Experts Cast Doubt on the Viability of Hawaiian Nation-Building

The feasibility of both the state and federal push to create a sovereign Native Hawaiian nation was brought into sharp question today as two authorities with very different perspectives on the issue expressed their doubts as to whether either plan would come to fruition.

Hawaiian Sovereignty Sign

At a panel on Native Hawaiian issues sponsored by the Grassroot Institute of Hawaii and moderated by the think tank’s president Keli’i Akina, Ph.D., OHA Trustee Oswald Stender and former State Attorney General Michael Lilly fielded questions about the need to help Native Hawaiians, the justifications for Hawaiian sovereignty, and the probable results of the nation-building efforts.

Trustee Stender stressed the importance of providing Native Hawaiians with the tools necessary to improve their quality of life–especially in education and economic advancement. Stressing his belief that it was important to allow the people to determine whether they wished to form a Hawaiian nation, he expressed his private doubts as to whether it was practical or even likely to happen.  Trustee Stender clarified that his comments on the panel were not on behalf of the OHA Trustee board, but as a private individual.

Former AG Lilly agreed with Mr. Stender that there is a real value to organizations like OHA in their potential to help Native Hawaiians, but found the millions spent pursuing the Akaka Bill and nation-building process to be, “wasteful.” In addition, Mr. Lilly questioned the historical grounds for a race-based Hawaiian nation, pointing out that his own background (his ancestors were citizens of the Kingdom of Hawaii and loyalists to the Queen) highlights the inherent contradiction in creating a tribe from what was formerly a multi-racial government.

In reference to the effort by the Department of the Interior to recognize a Native Hawaiian government via administrative rule, Mr. Lilly noted that, “There never was a Hawaiian tribe with whom the United States entered into a treaty relationship. If there was such a tribe, then all the multi-ethnic peoples who were citizens of the Hawaiian Monarchy would be members of that tribe.  For the U.S. Supreme Court has held that a ‘tribe’ is a political and not a racial entity. The current effort to recognize a separate ethnic tribe by the Dept. of the Interior is unconstitutional because, under the Constitution, it is the Congress that has the plenary power to recognize tribes and ratify treaties. That power does not reside in the Executive branch of the federal government or with the various states. So the current effort aimed at creating a tribe of Hawaiians has no legal basis.” He then went on to express doubt that there exists sufficient support even among Native Hawaiians for the DOI’s effort to succeed.

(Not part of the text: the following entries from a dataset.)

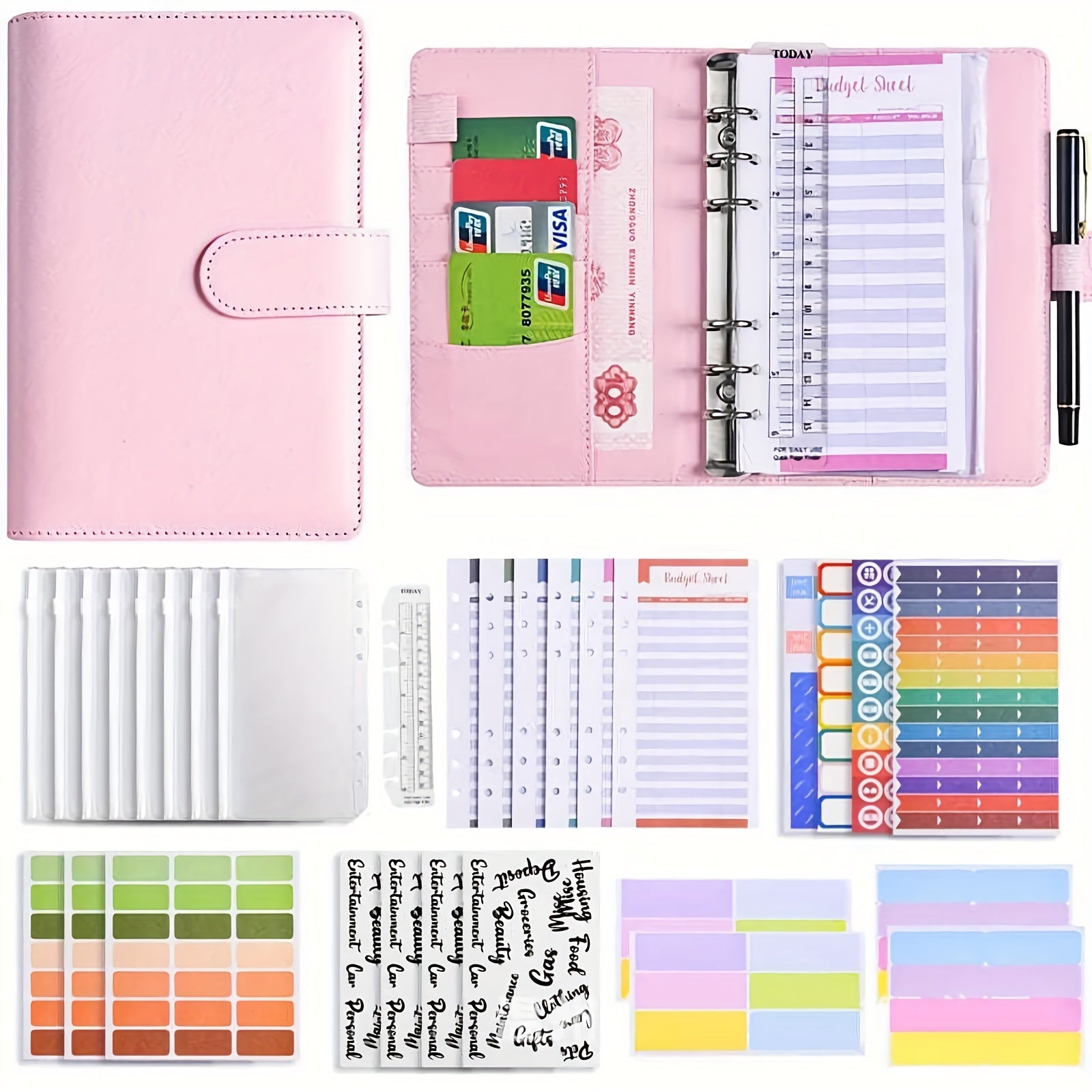 Budget Binder Set with Zipper Envelope A6 Budget Folder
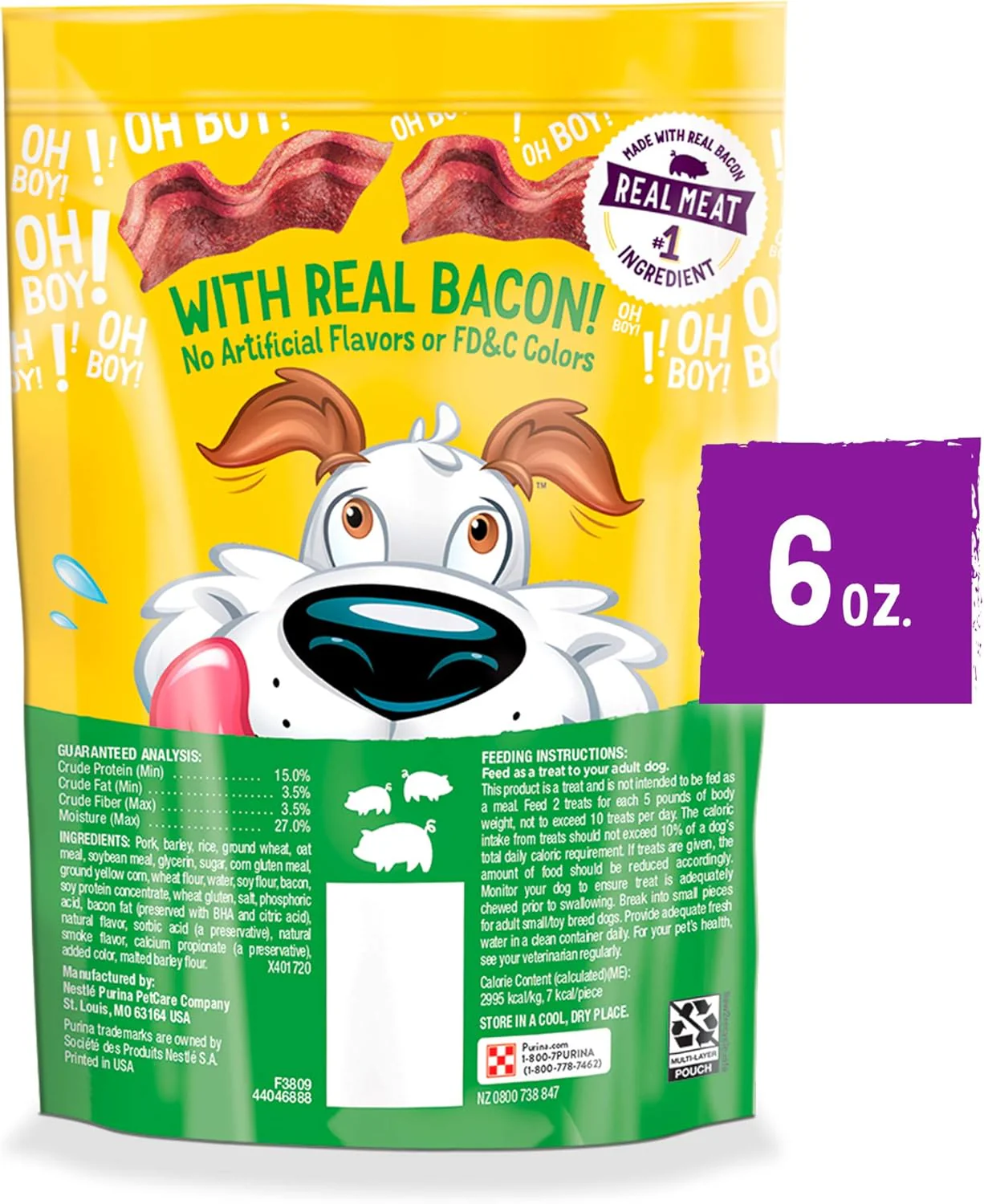 Purina Beggin' With Real Meat Dog Treats, Fun Size Original With Bacon Flavor 6 oz. Pouches - Image 6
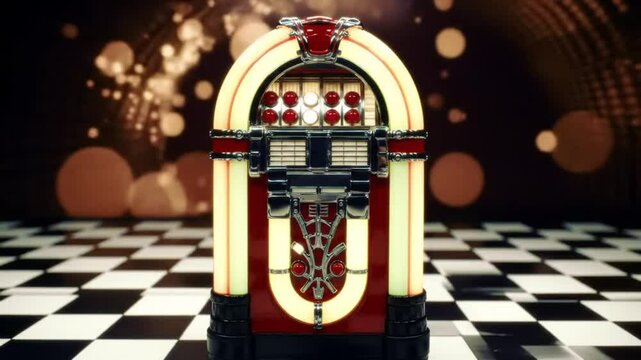 Classic Jukebox On A Checkerboard Floor In Retro Setting With Glowing Lights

Trustee Stender agreed with Mr. Lilly that pursuit of a “another government” is a waste of valuable financial resources that could be better used to meet the needs of Hawaiians.  He also expressed frustration that the federal discussion of Hawaiians as a tribe unnecessarily confuses the basic issue of protecting entitlements for Native Hawaiians, an issue unrelated to creating a tribe or government.

“Time and again, we see evidence that the nation-building process reflects a fundamental misunderstanding of what both Native Hawaiians and the citizens of this state really want,” stated Keli’i Akina, President of the Grassroot Institute of Hawaii. “We look to recognize the contributions of Native Hawaiians and demonstrate our respect for that culture. And we wish to help Native Hawaiians succeed, as we do with all citizens of Hawaii. However, the support simply isn’t there for the creation of divisive, race-based government. It is unconstitutional and counter to the spirit and history of our islands.  The money, time and energy spent pursuing political sovereignty could be better spent improving education and economic opportunities for Native Hawaiians. It is time that the federal government and the state stop trying to strong-arm us into supporting an unconstitutional Hawaiian nation and accept that there are better ways to advance the interests of the people of Hawaii.”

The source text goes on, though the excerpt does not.